The YAM holds hundreds of works in its Poindexter Collection of New York Abstract Expressionism, including the works of Nell Blaine, Earl Kerkam, Franz Kline, Willem de Kooning, Jules Olitski, and Teiji Takai.

==Expansion and education==
In 2009, the YAM was proud to be the Montana recipient of a gift of 50 works of minimalist and conceptual art from the internationally significant collection of Herbert and Dorothy Vogel. The Vogel gift—50 Works for 50 States—transpired under the auspices of the National Gallery of Art and involved the selection of one institution per state to receive a gift of 50 works. The Peter Norton Family Christmas Project Collection ensures that several internationally important artists (for example, Yinka Shonibare and Takashi Murakami) are represented in the collection.

In 1995, the YAM (then the Yellowstone Art Center) received the Montana Governor's Award for Service to the Arts.
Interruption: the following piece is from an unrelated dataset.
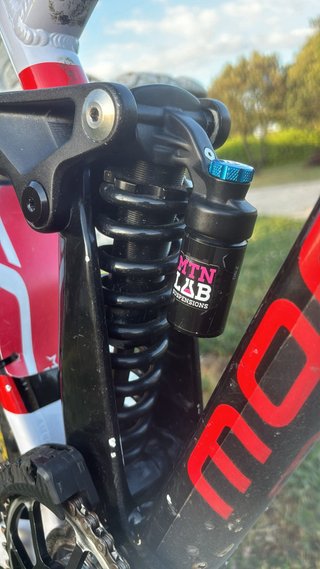 Mondraker Summum Talla M 29 Aluminio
This recognition of the institution's statewide importance underscored the fact that the museum had outgrown its facility. Expansion plans and a capital campaign were launched. The campaign was a success: $6.2 million was raised primarily from and through the local community. In February 1998, the newly renamed Yellowstone Art Museum reopened its doors after two years of renovation and new construction. Its new facility was designed to protect its collections and display them in the most inspiring and meaningful way possible. Following its 1998 expansion, the Yellowstone Art Museum increased its exhibition and collection space and continued to expand its regional and national programming.
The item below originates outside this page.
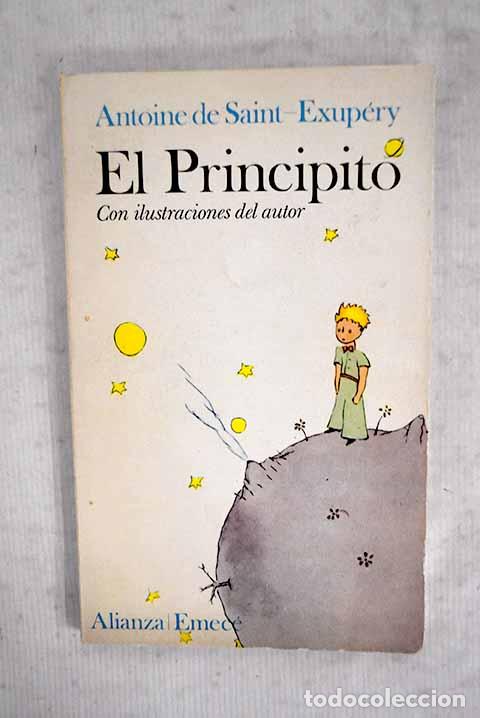 Livros em segunda m&atilde;o: El Principito: Saint-Exup&eacute;ry, Antoine de.- Saint-Exup&eacute;ry, Antoine de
Growth has not stopped since reopening the expanded facility. Temporary exhibitions include local, national, and international arts. Education is a key focus; class and workshop programs are coordinated to relate to temporary exhibitions, or are stand-alone. In 2003, 2007, and 2010, the YAM received three-year grants from the federal Institute of Museum and Library Services (IMLS) in support of its art education programs, both on-site and outreach. Lectures featuring nationally known contemporary artists and critics, gallery talks, and special events are the main programs for the adult audience. In addition, a Young Artists' Gallery, established in 2006 in a large space that is free to the public at all times, features work by artists under 18 who are part of the YAM's school partnership programs. The Raven's Café d'Art opened in 2010 and has gained a reputation as a site for excellent, satisfying fare.

==Visible Vault==
In 2003, the Montana-based Charles M. Bair Family Trust, recognizing that the YAM's own permanent collection had grown faster than expected and that the YAM needed to expand storage, made a grant to the YAM in 2005 to purchase the warehouse at 505 North 26th Street, with the intention that it be converted into high quality, expanded collection storage space. In 2006, the YAM entered into an agreement with the Charles M. Bair Family Trust that would result in a $2.15 million grant upon the YAM's raising $1 million in new capital and endowment gifts and pledges. The YAM achieved 147% of the goal by the deadline of 31 December 2007 and used the Bair Trust's challenge grant as the launching point for another major fundraising campaign. In 2007 a two-phased $17 million Expansion Campaign began. One result of this campaign was the YAM's innovative Visible Vault, which opened in August 2010. It is a publicly accessible art storage facility that houses the permanent collection in an open, visible fashion. The facility also includes an artist-in-residence studio. Artists-in-residence have included Tracy Linder, Brian Keith Scott, Brooke Atherton, Carol Spielman, John Pollock and Bently Spang. The Yellowstone Art Museum is one of only a handful of art museums in the country that have placed their entire collection storage areas on public view.